──────── SUPPLIED DATA

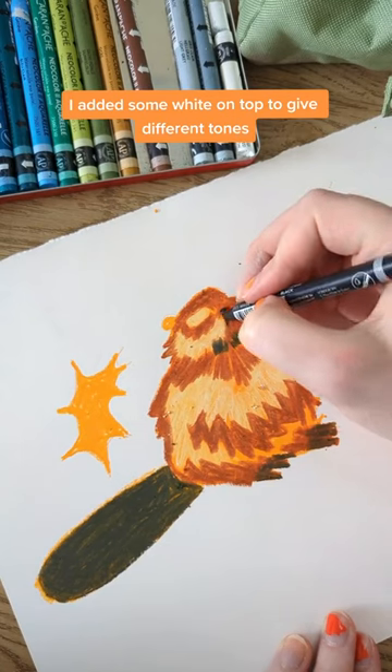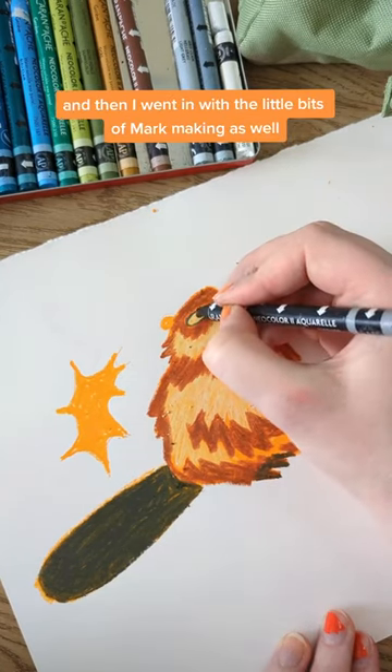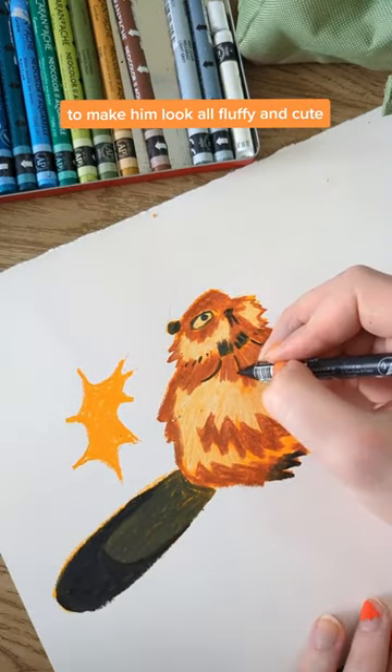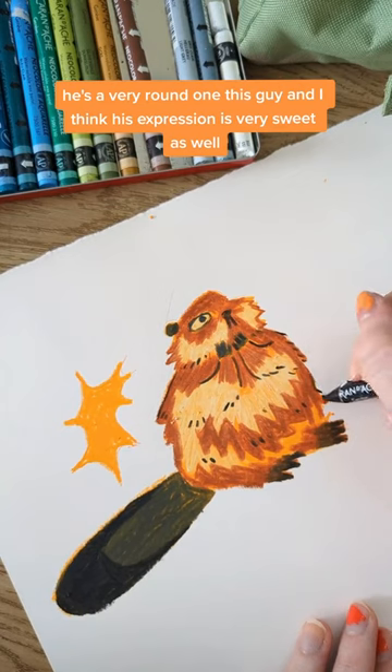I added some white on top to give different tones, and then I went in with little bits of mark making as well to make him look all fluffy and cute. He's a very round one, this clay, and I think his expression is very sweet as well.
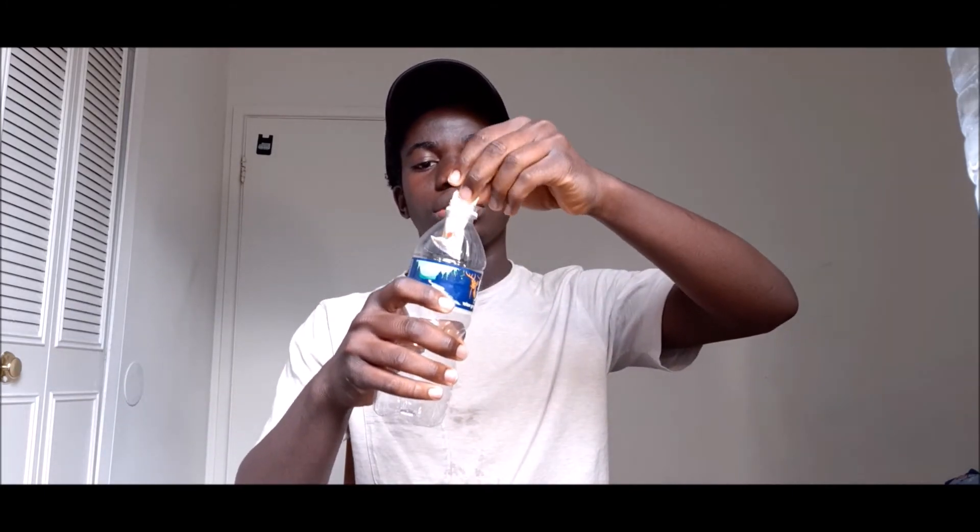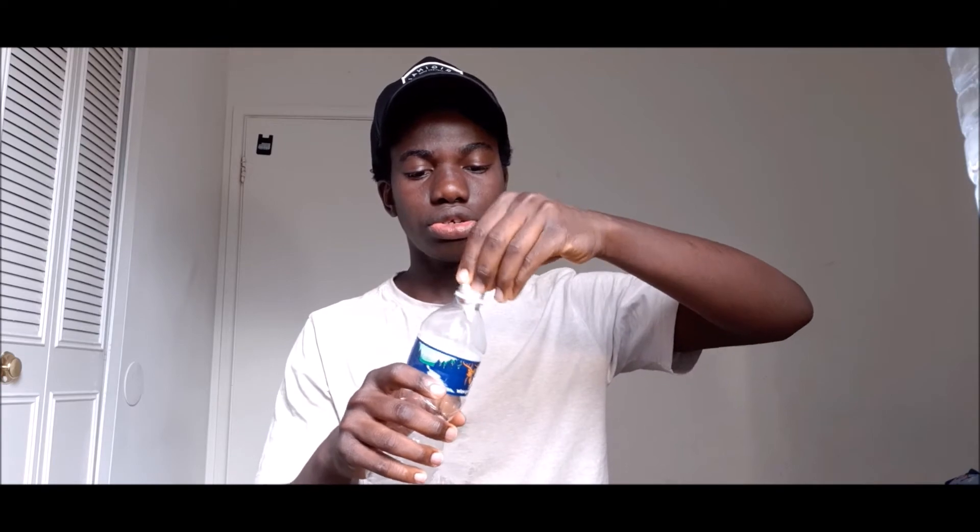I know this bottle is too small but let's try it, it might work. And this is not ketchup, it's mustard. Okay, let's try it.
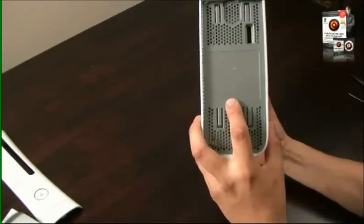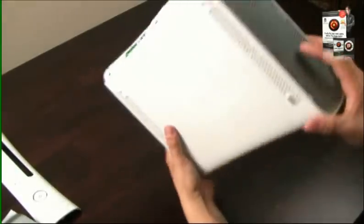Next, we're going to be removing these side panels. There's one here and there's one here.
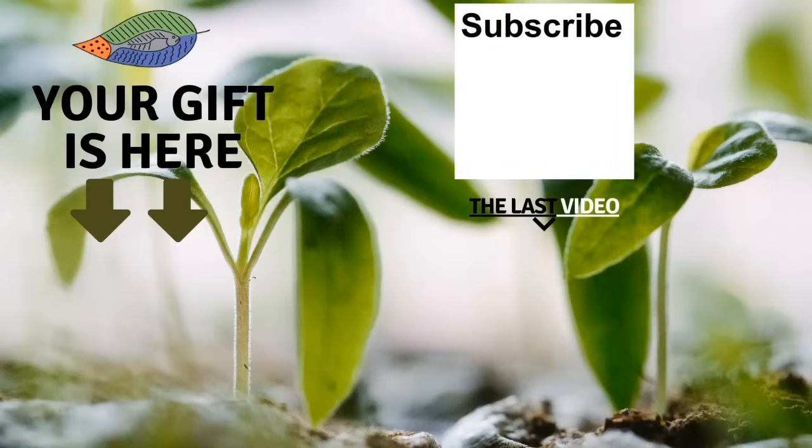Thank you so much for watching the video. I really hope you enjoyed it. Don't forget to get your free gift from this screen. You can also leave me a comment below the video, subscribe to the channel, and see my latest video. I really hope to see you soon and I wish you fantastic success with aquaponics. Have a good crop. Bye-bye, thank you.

────────────────
──────── SUPPLIED DATA

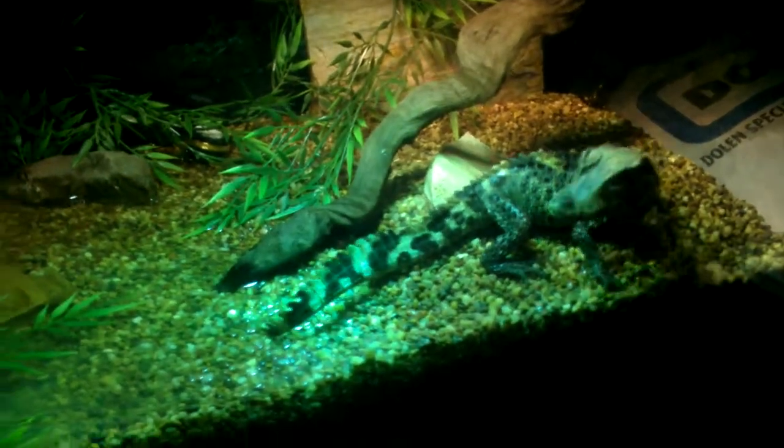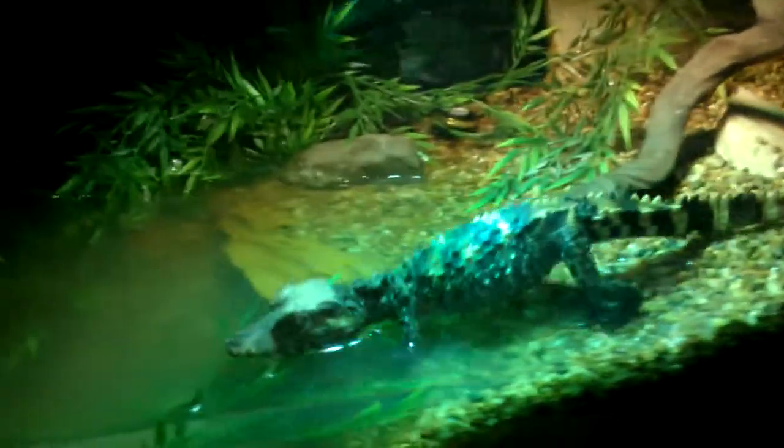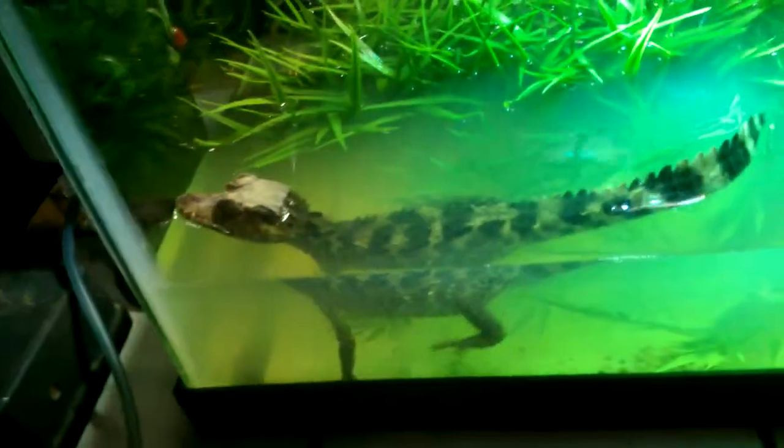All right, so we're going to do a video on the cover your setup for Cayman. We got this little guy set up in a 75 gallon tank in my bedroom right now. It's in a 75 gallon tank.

────────────────
──────── SUPPLIED DATA

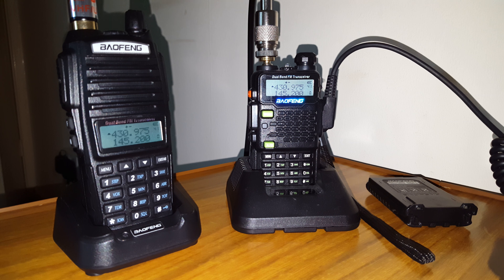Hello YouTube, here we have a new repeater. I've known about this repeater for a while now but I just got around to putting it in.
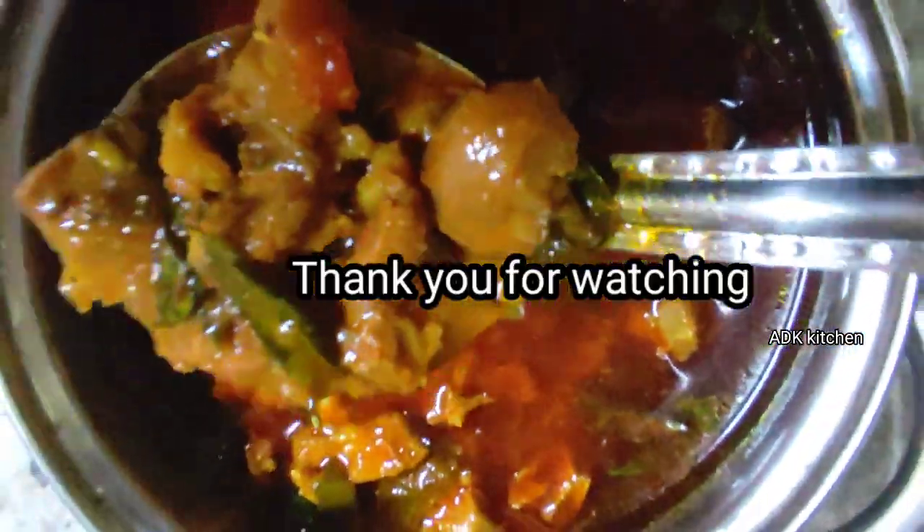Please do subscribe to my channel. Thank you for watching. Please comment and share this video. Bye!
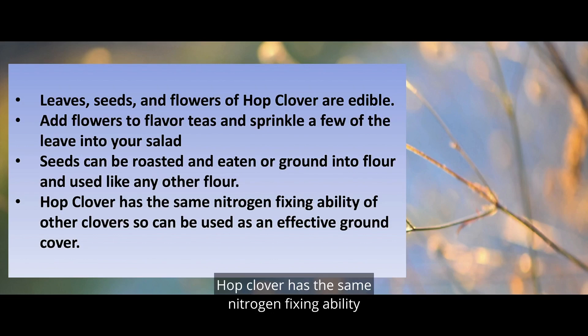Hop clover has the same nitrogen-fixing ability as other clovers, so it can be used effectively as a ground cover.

────────────────

* WHAT IS NEEDED:
From the records above, copy exactly the lines starting at the one with "Hello YouTube, here" and ending at the one with "Please do subscribe", and no others. Pictures stay out.

* ANSWER FOR THE TASK:
Hello YouTube, here we have a new repeater. I've known about this repeater for a while now but I just got around to putting it in.
Please do subscribe to my channel. Thank you for watching. Please comment and share this video. Bye!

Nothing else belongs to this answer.